Seit 2009 arbeitet die ESA am Aufbau eines Weltraumwetter Systems (Space Weather System). Bereits installiert wurde ein Space Weather Service Netzwerk (SWE), ein europaweiter Weltraumwetterdienst. Das SWE Portal hält online unter http://swe.ssa.esa.int  heute über 60 Service-Produkte bereit, darunter Messwerte, Vorhersagen, Warnmeldungen und Experten-Analysen, die sich mit den Sonnenaktivitäten und ihren Auswirkungen befassen. Beliefert wird dieser Netzwerk-Dienst von rund 6 Expertenzentren (Expert Service Centers - ESCs) die mit mehreren teilnehmenden Instituten in mehr als 14 Ländern vernetzt sind.

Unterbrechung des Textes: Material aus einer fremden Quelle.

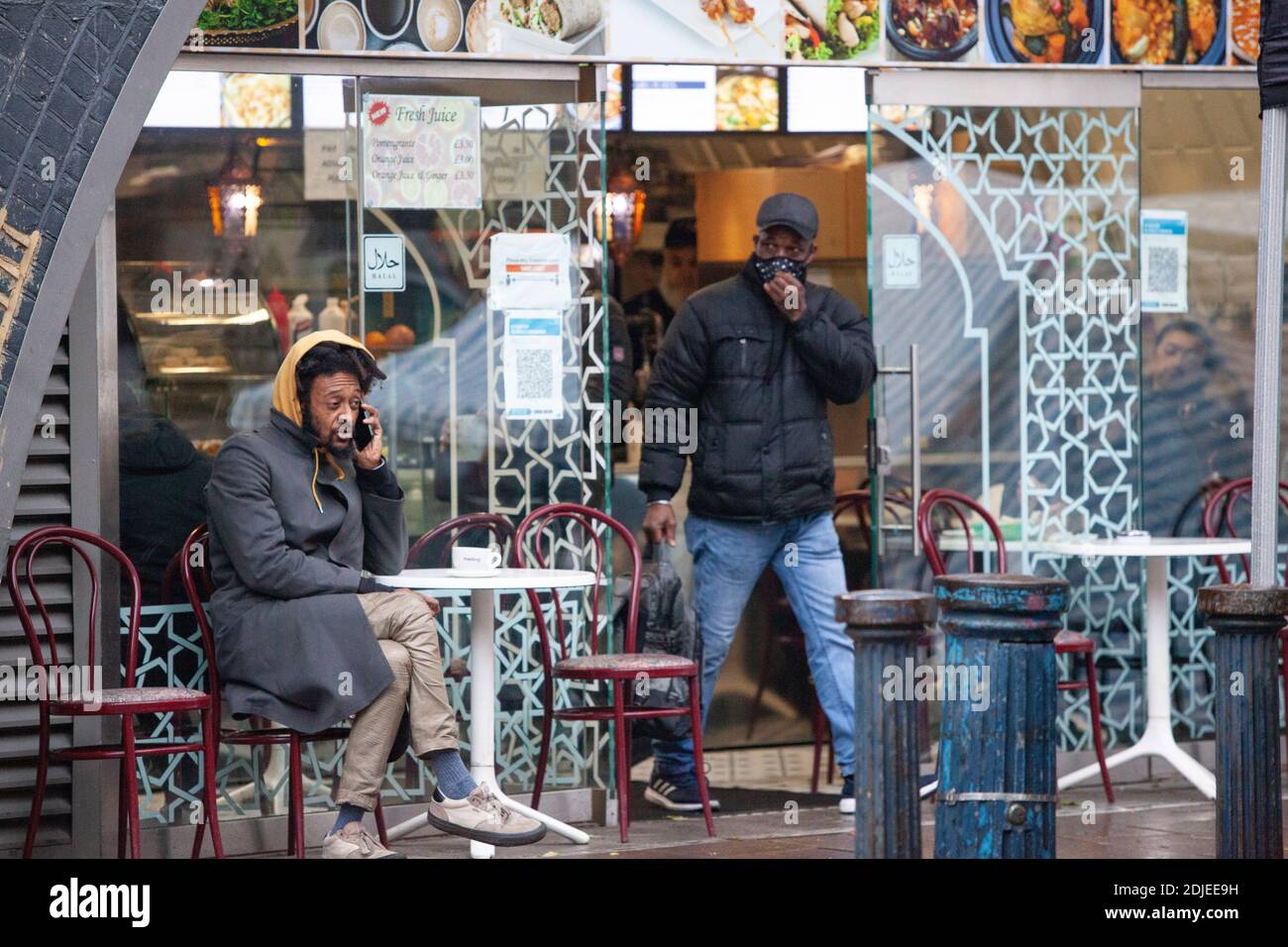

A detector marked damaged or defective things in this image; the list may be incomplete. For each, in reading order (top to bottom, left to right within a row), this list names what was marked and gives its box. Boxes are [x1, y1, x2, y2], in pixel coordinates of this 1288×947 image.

rusty metal bollard [834, 592, 937, 860]
rusty metal bollard [932, 569, 1071, 860]
rusty metal bollard [1195, 584, 1288, 860]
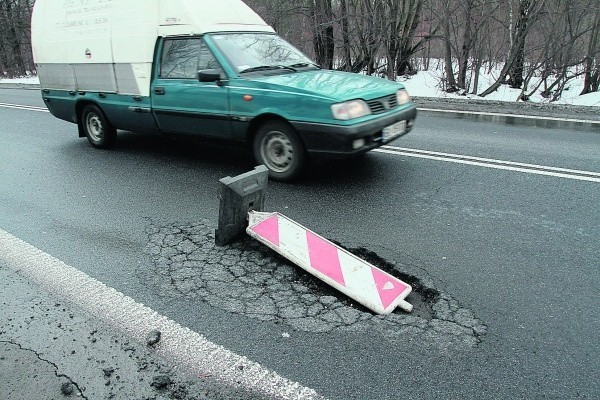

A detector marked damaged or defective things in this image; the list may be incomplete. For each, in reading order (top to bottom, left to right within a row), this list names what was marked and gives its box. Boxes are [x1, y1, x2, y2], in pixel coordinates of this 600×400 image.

cracked asphalt [144, 219, 488, 346]
pothole [144, 220, 488, 348]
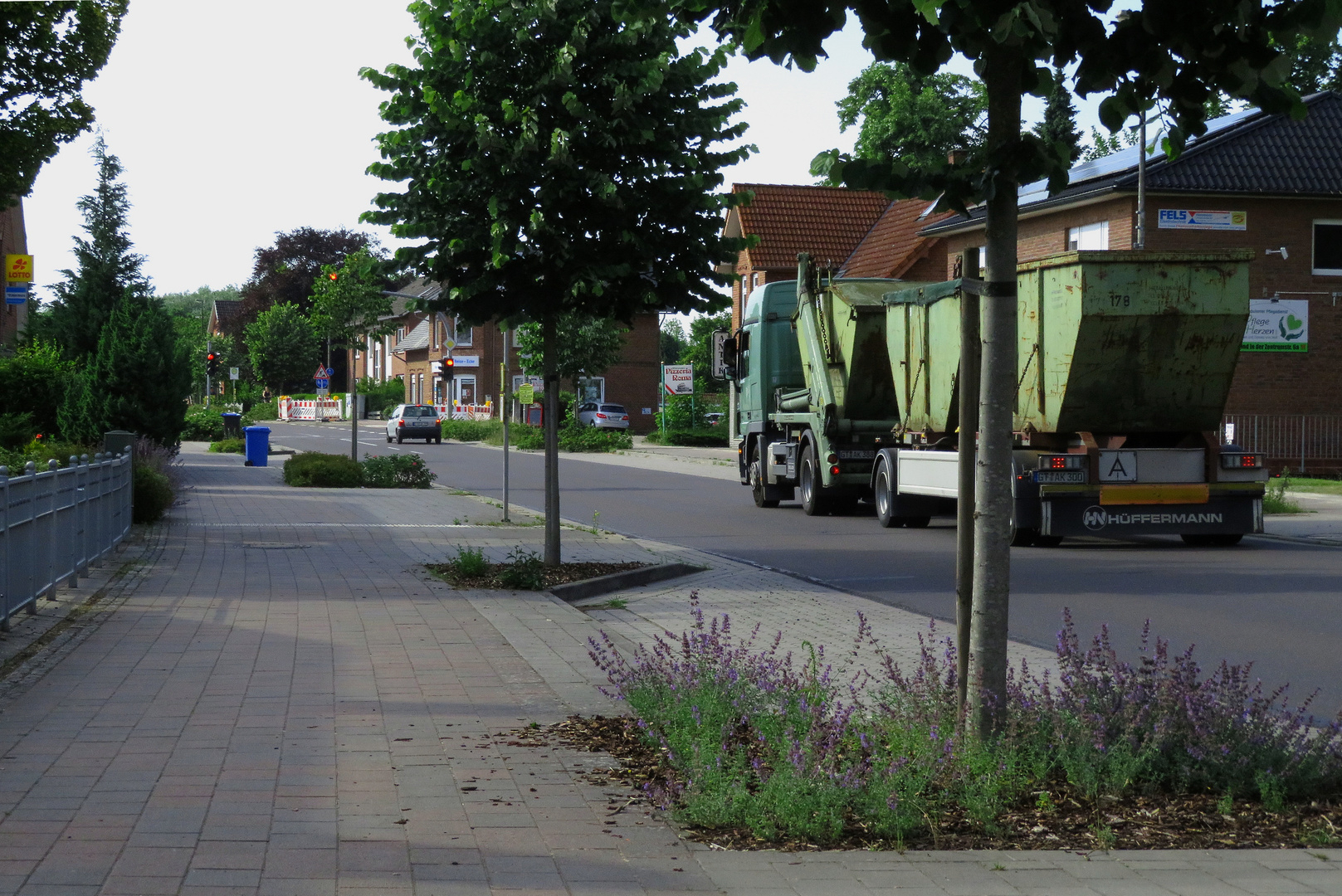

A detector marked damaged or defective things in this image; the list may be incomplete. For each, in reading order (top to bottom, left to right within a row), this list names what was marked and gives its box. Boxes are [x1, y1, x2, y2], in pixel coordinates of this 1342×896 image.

rusty skip container [886, 251, 1251, 434]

Das SSA Space Weather Cordinations Centre koordiniert diese Dienste und das SWE Datenzentrum in Belgien sammelt und archiviert alle Daten. Die Aufgaben sind europaweit verteilt, mit ESCs in Belgien, Großbritannien, Norwegen oder Deutschland. Sie versorgen die Nutzer mit Informationen über geomagnetische Bedingungen, Strahlungen aus dem Weltraum und geben Auskunft über das Solar-, das heliosphärische- oder ionosphärische Wetter.

Vigil-Mission

Zukünftige Lagrange-Mission
Zukünftige Lagrange-Mission

Diese Daten stammen von einer wachsenden Anzahl an am Boden und im All stationierten Sensoren, die zum Space Weather System gehören. „Wir bauen derzeit dieses System auf“, berichtet Stefan Kraft, Koordinator des neuen Systems. Dazu gehört die geplante Vigil-Mission. Die ESA/NASA Sonde SOHO, die das Weltraumwetter bereits beobachtet, ist über 20 Jahre alt und muss in ein paar Jahren abgeschaltet werden. Daher soll ein neuer ESA-Satellit am sogenannten Lagrange Punkt L5 im Dreieck zwischen Sonne und Erde positioniert werden. An den nach Joseph-Louis Lagrange benannten Punkten herrscht zwischen zwei Himmelskörpern und einem dritten Objekt, dem Satelliten zum Beispiel, ein Gleichgewichtszustand zwischen Gravitations- und Zentrifugalkraft. Eine Raumsonde kann an dieser Stelle scheinbar kräftelos verharren. Es gibt insgesamt fünf Librationspunkte (L1 bis L5), auf denen sich die Gravitationskräfte die Waage halten.

Von L5 aus ist die Oberfläche der Sonne gut sichtbar. „Der L5 ist ein Messpunkt, von dem aus gesehen die Sonnenbeobachtungen anderen Beobachtungen aus Sicht der Erde vier bis fünf Tage vorauseilen, um genug Zeit für eine Reaktion auf der Erde zu gewinnen“, betont ESA-Experte Kraft. Ein mit Kameras und Sensoren ausgerüsteter Satellit würde die Magnetfeldstärken und Temperatur der Sonne, und die Dichteverteilung und Richtung der Sonnenteilchen bei einer Sonneneruption messen – alles wichtige Anhaltspunkte für eine bessere Vorhersage. Andere Organisationen planen mit einer Mission den L4 Punkt zu besetzen. Am L1 Punkt verharren derzeit zwei Sonden der US-Organisation NOAA.

L5-Studie und weitere Projekte

Die L5–Studie, die Machbarkeitsstudie der Mission, wird im Satellitenkontrollzentrum ESOC in Darmstadt mit Hilfe industrieller Partner erstellt. Baubeginn des Satelliten könnte 2020/2021 sein, der Start zwei oder drei Jahre später erfolgen. Den L5-Punkt würde die Raumsonde 2024 erreichen, die Messungen könnten 2025 starten.

In der Planung sind zudem weitere Projekte. „Derzeit laufen Studien für ein eigenes Satellitenprogramm, eine Konstellation aus sechs kleinen Sonden“, berichtet der ESA-Experte. Diese könnten die Aurora borealis und die meisten relevanten Eigenschaften des Weltraumwetters in der Nähe der Erde beobachten, wie zum Beispiel Änderungen im Strahlungsgürtel. Damit ist der Ring energiereicher geladener Teilchen gemeint, die durch das Erdmagnetfeld eingefangen werden. Rund 40 Millionen Euro würden diese sechs Satelliten in etwa kosten. Laut Stefan Kraft könnte der Bau einer Testsonde 2020 starten, deren Finanzierung aber noch eingeworben werden muss.